• _Task directions_: Among the lines below, take the one holding "An ash plume", the one holding "(L-R) Mandalorian (Pedro", and all lines between them. Set them down exactly.

Short descriptive text snippets:
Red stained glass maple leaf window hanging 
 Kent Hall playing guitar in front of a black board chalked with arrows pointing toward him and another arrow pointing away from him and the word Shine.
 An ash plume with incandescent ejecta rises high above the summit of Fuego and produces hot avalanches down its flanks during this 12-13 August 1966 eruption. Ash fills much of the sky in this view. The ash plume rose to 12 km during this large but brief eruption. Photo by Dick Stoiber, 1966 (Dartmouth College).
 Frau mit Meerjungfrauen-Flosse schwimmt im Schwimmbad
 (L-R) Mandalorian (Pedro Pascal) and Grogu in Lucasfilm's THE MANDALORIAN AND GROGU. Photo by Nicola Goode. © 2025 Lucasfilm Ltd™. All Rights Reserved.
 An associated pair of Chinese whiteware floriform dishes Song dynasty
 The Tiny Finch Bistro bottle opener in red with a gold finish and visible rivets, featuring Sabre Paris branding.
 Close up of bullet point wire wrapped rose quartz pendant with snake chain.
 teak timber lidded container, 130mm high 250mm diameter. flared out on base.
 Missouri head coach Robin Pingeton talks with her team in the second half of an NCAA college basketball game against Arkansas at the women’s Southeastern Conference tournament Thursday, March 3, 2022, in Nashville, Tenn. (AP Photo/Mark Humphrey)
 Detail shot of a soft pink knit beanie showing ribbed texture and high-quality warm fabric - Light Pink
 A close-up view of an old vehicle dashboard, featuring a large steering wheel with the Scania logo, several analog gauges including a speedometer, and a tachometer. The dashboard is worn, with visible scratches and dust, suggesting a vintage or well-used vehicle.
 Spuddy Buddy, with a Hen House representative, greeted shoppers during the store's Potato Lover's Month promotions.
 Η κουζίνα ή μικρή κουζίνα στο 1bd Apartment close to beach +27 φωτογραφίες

• _Task result_:
 An ash plume with incandescent ejecta rises high above the summit of Fuego and produces hot avalanches down its flanks during this 12-13 August 1966 eruption. Ash fills much of the sky in this view. The ash plume rose to 12 km during this large but brief eruption. Photo by Dick Stoiber, 1966 (Dartmouth College).
 Frau mit Meerjungfrauen-Flosse schwimmt im Schwimmbad
 (L-R) Mandalorian (Pedro Pascal) and Grogu in Lucasfilm's THE MANDALORIAN AND GROGU. Photo by Nicola Goode. © 2025 Lucasfilm Ltd™. All Rights Reserved.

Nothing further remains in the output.